Vai al contenuto

C’era, nell’aria, una voglia incredibile di lasciare il segno. Di tornare, in modo anche un po’ prepotente, nella storia del calcio italiano.

Mai come agli inizi degli anni Novanta, Cagliari sembrava di nuovo un’isola felice: l’entusiasmo l’aveva riportato Carletto Mazzone, che non era uomo di mare ma è sempre stato uomo e basta, nei modi e negli approcci, tra bastoni e carote. Aveva trovato un sostegno perfetto da un popolo che solo all’apparenza sembrava brusco e chiuso, proprio come lui. E che proprio come lui dentro sapeva rivelarsi gioioso e scanzonato.

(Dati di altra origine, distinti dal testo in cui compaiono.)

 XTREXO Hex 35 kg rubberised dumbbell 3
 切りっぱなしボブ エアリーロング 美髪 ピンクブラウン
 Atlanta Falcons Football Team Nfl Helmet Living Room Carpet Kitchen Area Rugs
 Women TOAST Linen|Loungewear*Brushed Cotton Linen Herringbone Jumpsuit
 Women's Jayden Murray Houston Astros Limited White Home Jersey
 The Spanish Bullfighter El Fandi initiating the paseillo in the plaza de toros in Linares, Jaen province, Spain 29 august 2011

Solo il richiamo di casa poteva essere più forte di quello delle sirene e del mare sardo. A fine stagione, dopo una storica e meritata qualificazione in Coppa Uefa, la Roma decide di convocare Mazzone: ovviamente, la passione gli impose l’addio. E Cellino lo abbracciò come andasse via un fratello. Allo stesso tempo imponendosi il regime di Gigi Radice come condizione necessaria per fare la storia.

Il Sergente di Ferro

Ora: come si fa a spiegarlo, Gigi Radice? Un brianzolo con quarant’anni di calcio ad alti livelli sulle spalle, che arriva in un cumulo di adrenalina e prova a stigmatizzarla come può. Banalmente, a dare ordine, a infondere una ricerca – quasi scellerata – di disciplina e pacatezza. Radice era un comandante, che se non avesse fatto il calciatore sarebbe stato probabilmente capitano o generale di qualsivoglia forza armata. Vigeva l’ordine, nel suo spogliatoio; amava comandare su tutto e tutti, come uomo d’altri tempi.

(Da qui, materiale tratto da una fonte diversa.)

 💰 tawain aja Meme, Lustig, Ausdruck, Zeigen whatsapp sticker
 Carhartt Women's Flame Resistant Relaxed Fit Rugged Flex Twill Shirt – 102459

Ne convenne che il rapporto con Cellino fu subito complicato. Alla prima giornata, ecco la brutta sconfitta con l’Atalanta e l’immediato esonero: al suo posto c’è Bruno Giorgi. Pronto a dividersi il triplo impegno, ma soprattutto ad accontentare le bizze dell’imprenditore oggi patron del Brescia. Senza badare al sottile, ma esclusivamente alla sostanza, Giorgi inventò subito un nuovo Cagliari per affrontare la Dinamo Bucarest. All’andata è quasi un tonfo: 3-2 per i rumeni. Al ritorno, risultato ribaltato con i gol di Matteoli e Oliveira.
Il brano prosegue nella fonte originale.